Show that $(b_1+b_2)^2\leq (a_1+a_2)(c_1+c_2)$
How to show that if $a_k,b_k,c_k\in \mathbb{R}^+$ for which $a_kc_k-b_k^2\geq 0$ for $k=1,2$, then $$ (b_1+b_2)^2\leq (a_1+a_2)(c_1+c_2)? $$ I tried to check some well-known identities such as Young's inequality, but I failed to make it work.

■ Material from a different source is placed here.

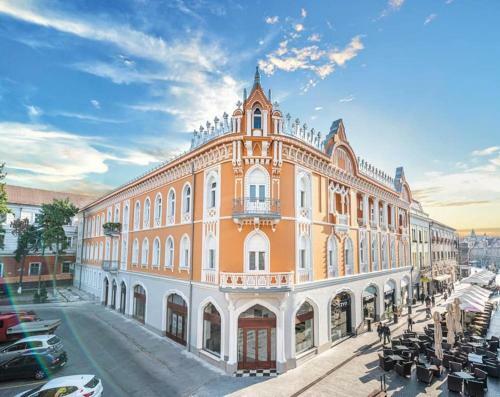 Cadoro City Center Apartments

Conditions imply that quadratics $a_kx^2+2b_kx+c_k$ are nonnegative for all real $x$. Thus, their sum $(a_1+a_2)x^2+2(b_1+b_2)x+(c_1+c_2)$ is nonnegative for all real $x$ as well. Hence, the discriminant of this quadratic is nonpositive and we get the desired inequality.
HINT
You can start with the RHS as follows \begin{align*} (a_{1} + a_{2})(c_{1} + c_{2}) & = a_{1}c_{1} + a_{1}c_{2} + a_{2}c_{1} + a_{2}c_{2}\\\\ & \geq b^{2}_{1} + a_{1}c_{2} + a_{2}c_{2} + b^{2}_{2} \end{align*}
Now you can apply the AM-GM inequality in order to obtain \begin{align*} a_{1}c_{2} + a_{2}c_{1} & \geq 2\sqrt{a_{1}c_{2}a_{2}c_{1}}\\\\ & = 2\sqrt{a_{1}c_{1}a_{2}c_{2}}\\\\ & \geq 2\sqrt{b^{2}_{1}b^{2}_{2}}\\\\ & = 2b_{1}b_{2} \end{align*}
Can you take it from here?
By the inequality of Cauchy-Schwarz : $$\begin{array}{lcl} (a_1 + a_2)(c_1 + c_2) & = & \left(\sqrt{a_1}^2 + \sqrt{a_2}^2\right) \left(\sqrt{c_1}^2 + \sqrt{c_2}^2\right) \\[3mm] & \geq & \left(\sqrt{a_1 c_1} + \sqrt{a_2 c_2}\right)^2 \\[3mm] & \geq & \left(\sqrt{b_1^2} + \sqrt{b_2^2}\right)^2 \\[3mm] & = & \left(b_1 + b_2\right)^2 \end{array}$$